3 連鎖する才能




初音ミクと異なる方向で、ニコニコ動画のコミュニケーション力を推察することができる。それは、作品の連鎖があるということだ。
魔理沙は大変なものを盗んでいきました』という楽曲がある。イオシスという同人音楽サークルが製作した『東方乙女囃子』に収録されているものである。このプロモーションのための動画作品が、ニコニコ動画で人気を博した。すると、今度はこの動画のパロディが作られる。楽曲を変えたり、必要のある部分を切り取って再構築したりと、いじり方はさまざまである。
さて、私は今さらりと書いてしまったが、ここには特筆すべきものがある。
魔理沙は大変なものを盗んでいきました』をスタートと考えれば、そのパロディ作品は二次創作となる。

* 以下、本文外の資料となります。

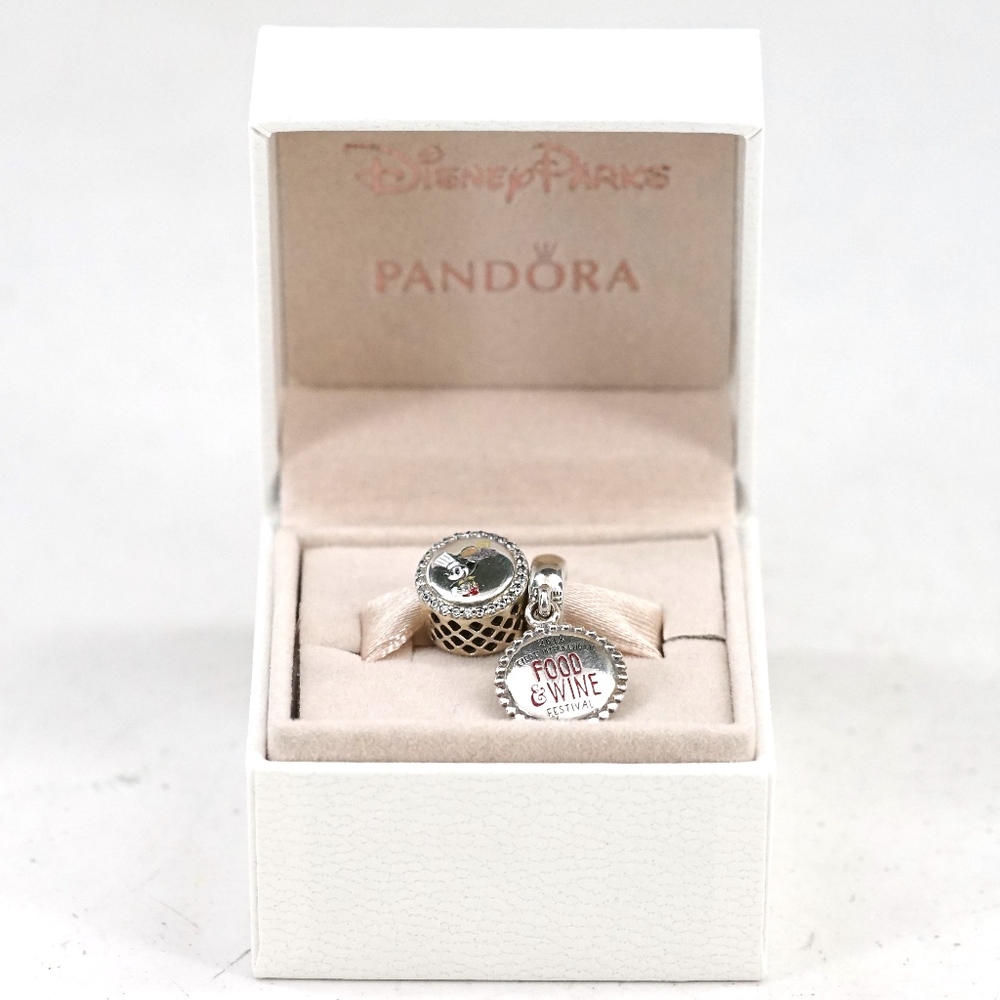 PANDORA 2018 Epcot Food & Wine Festival Charm Set - Picture 3 of 4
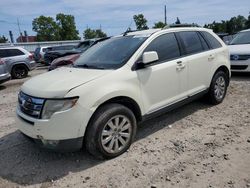 Salvage cars for sale at Lansing, MI auction: 2008 Ford Edge SEL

しかし『魔理沙は大変なものを盗んでいきました』という楽曲そのものが、上海アリス幻樂団というサークルの製作した同人ゲーム『東方妖々夢』内のBGM『人形裁判 〜人の形弄びし少女』のアレンジである。そこで『人形裁判 〜人の形弄びし少女』をパロディのスタートと考えてみる。すると、以下のようになる。


<一次創作>
『人形裁判 〜人の形弄びし少女』
<二次創作>
魔理沙は大変なものを盗んでいきました
<三次創作>
ニコニコ動画におけるパロディ作品
<四次創作>
ニコニコ動画におけるパロディ作品のパロディ作品
(以下略)


このように、ニコニコ動画においては、二次創作どころの話ではなくなってくる。創作者が切り口を発見しさえすれば、作品の連鎖はまだまだ続いていく。ひとつの作品が、その場だけで完結しないともいえる。
作品の連鎖によって、元ネタの創作者は自分が作った作品がどのようになってしまうか想像することは出来ない。それを肯定的な態度で捉えることで、既成のメディアではありえない価値感が生まれてくる。それはユーザーにも新たな楽しみをもたらし、創作者にも高揚感をもたらすという相乗効果を生む。
視点を変えれば、一次創作者は作品作りの際に、現在のニコニコ動画をはじめとしたインターネット上のクリエイティブな場においては、どのような素材でもパロディ化されうるという可能性を視野に入れる必要があるだろう。